Industry, Commerce, Agriculture and Fisheries Minister, Hon. Audley Shaw, says there is no ban in place on parrotfish.

At a post-Sectoral Debate press briefing at his Hope Gardens offices in St. Andrew on April 24, the Minister said that extensive research and consultations have been undertaken with local and international experts to properly examine the issue.

Acknowledging the varied concerns expressed by lobby groups, the Minister explained that “while there exists a correlation between reduced herbivory and degraded coral reef systems, there is no conclusive evidence that the consumption of parrotfish is the cause of the depletion of the coral reefs”.

Industry, Commerce, Agriculture and Fisheries Minister, Hon.
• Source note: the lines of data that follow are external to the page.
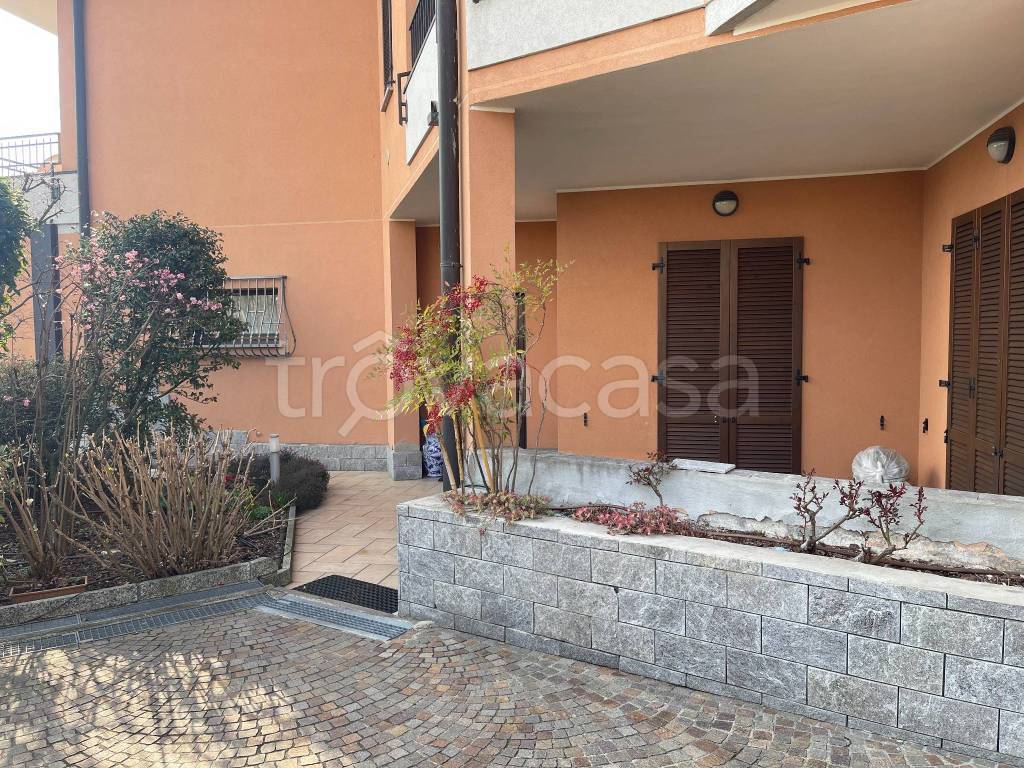 immagine annuncio 2 di 15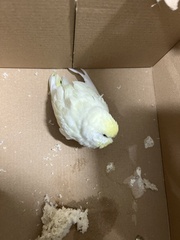 Melopsittacus undulatus domesticus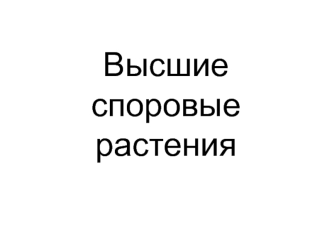 Высшие споровые растения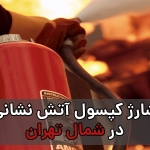 charging-north-tehran-fire-brigade-capsule-2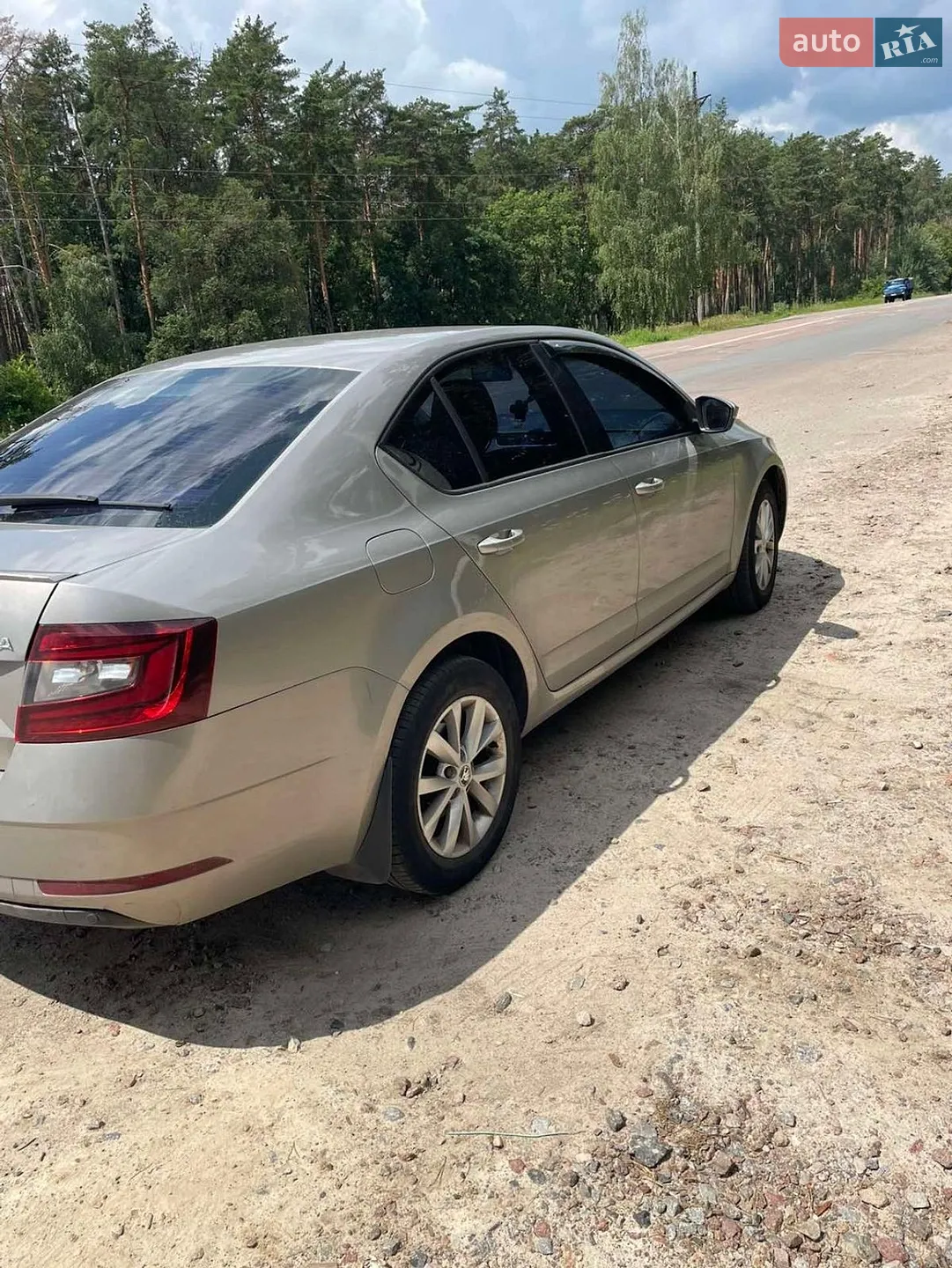 2017 Skoda Octavia - мініатюра 3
Audley Shaw, emphasises a point at a post-Sectoral Debate press conference, held at his Hope Gardens office in St. Andrew on April 24.

 

“In addition to the fact that there is no scientific basis on which to impose a ban on parrotfish, it is (also) not practical to impose a ban on a single species in a multispecies fishery, without serious negative impact on some of our most vulnerable citizens,” he said.

Meanwhile, Mr. Shaw informed that a project will be piloted at the Oracabessa High School in St. Mary by Executive Chef of The Jamaica Pegasus hotel, Mark Cole, who is a past student.

“Highly nutritious Jamaican foods will be used to feed those students instead of rice and flour,” the Minister noted.

Mr. Cole has been one of Jamaica’s foremost chefs for more than 20 years and has significantly transformed the island’s cuisine and the practice of the culinary arts.